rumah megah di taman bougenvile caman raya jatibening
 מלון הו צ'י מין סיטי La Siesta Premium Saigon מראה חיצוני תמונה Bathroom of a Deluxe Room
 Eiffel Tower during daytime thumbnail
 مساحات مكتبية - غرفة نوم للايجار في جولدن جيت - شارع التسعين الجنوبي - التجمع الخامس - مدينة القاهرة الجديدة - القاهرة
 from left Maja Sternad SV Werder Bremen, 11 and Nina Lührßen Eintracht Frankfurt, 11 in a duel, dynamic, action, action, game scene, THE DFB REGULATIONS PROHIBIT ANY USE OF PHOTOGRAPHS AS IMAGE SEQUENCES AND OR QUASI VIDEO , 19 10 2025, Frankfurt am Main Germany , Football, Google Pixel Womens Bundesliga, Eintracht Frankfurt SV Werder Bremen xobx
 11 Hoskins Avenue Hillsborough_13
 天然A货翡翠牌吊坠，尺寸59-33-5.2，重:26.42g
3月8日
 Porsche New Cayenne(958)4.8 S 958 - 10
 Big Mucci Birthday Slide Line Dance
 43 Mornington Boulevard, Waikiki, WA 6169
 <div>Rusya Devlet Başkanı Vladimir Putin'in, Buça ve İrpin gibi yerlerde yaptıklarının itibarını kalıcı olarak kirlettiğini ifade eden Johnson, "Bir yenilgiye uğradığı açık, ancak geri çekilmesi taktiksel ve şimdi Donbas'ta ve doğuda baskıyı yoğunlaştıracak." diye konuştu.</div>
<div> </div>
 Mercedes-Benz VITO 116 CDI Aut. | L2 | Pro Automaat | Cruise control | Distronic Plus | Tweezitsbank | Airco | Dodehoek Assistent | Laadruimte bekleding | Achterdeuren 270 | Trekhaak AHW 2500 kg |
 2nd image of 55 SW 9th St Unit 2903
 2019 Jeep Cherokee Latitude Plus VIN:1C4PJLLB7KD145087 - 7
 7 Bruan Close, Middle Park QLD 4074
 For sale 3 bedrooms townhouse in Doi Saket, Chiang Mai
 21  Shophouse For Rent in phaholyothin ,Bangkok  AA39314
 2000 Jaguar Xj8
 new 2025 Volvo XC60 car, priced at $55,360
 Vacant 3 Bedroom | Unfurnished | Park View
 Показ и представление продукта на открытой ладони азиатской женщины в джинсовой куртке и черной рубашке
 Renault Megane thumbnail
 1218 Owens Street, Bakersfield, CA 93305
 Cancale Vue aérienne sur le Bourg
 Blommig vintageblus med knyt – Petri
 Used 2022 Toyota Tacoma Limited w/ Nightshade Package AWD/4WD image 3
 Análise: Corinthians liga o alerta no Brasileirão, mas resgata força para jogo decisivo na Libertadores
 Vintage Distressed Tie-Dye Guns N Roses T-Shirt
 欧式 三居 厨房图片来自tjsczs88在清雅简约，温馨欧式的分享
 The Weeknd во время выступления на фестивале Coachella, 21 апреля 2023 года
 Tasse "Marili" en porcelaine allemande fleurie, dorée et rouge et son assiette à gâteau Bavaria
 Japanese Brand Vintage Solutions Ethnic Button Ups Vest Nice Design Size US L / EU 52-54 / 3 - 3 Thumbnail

ACTIVITY: Where a line of the records includes "Plus", copy it.

RESULT FOR THIS TASK:
 Mercedes-Benz VITO 116 CDI Aut. | L2 | Pro Automaat | Cruise control | Distronic Plus | Tweezitsbank | Airco | Dodehoek Assistent | Laadruimte bekleding | Achterdeuren 270 | Trekhaak AHW 2500 kg |
 2019 Jeep Cherokee Latitude Plus VIN:1C4PJLLB7KD145087 - 7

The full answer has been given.